The history of the 1st rank has not changed since birth. Its temporal extent is brief. The same is not true of integrator groups higher up in the hierarchy. These often changed their configuration, as parameters were added to the synthesis and a multitude of reports of a different nature came from the lower levels. At the top, the dynamic is such that thoughts rarely follow each other in the same order. Identity is changing. The neural aristocracy frolicks from one subject to another, makes different choices from the day before to the next day. It emancipates itself from the relative rigor of the frame built by the lower levels.

Behaviorism is strongly present in the recognition of the place. It gives way to cognitivism or even illusionism when consciousness has installed its actors. All this within the same mind.

The place is indeed an agent. The one who makes the framework. In which the superior agents recognize themselves. But between the two is enough complexity to settle… reason or madness.

*

1 thought on “Is a place a framework or a mental agent?”

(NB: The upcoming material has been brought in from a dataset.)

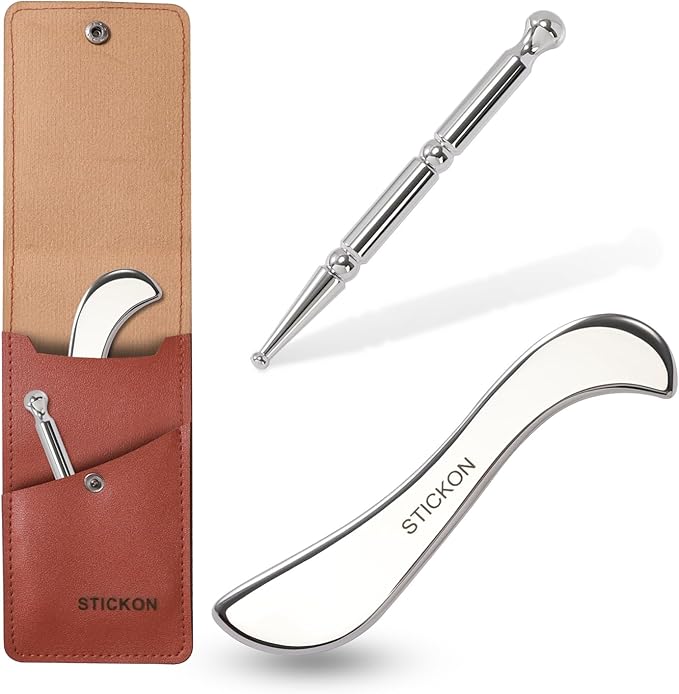 STICKON 2 in 1 Stainless Steel Gua Sha, Acupressure Pen, Muscle Scraper Tools Set, Muscle Scraping Tool Trigger Point Massage Tool Deep Tissue Acupressure Pen(STICKON-59)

  1. Hmmmm…place, or mental agent? Well, it is both, isn’t it? If there were no US, there would be no referent to ‘place’, no sentient faculty to recognize such. Of course, a devil’s advocate might argue other primarily conscious beings know their surroundings; know they are somewhere.
    But we are not discussing non-human consciousness, are we? If that were the case, we might need to wander the garden of metaphysics for awhile.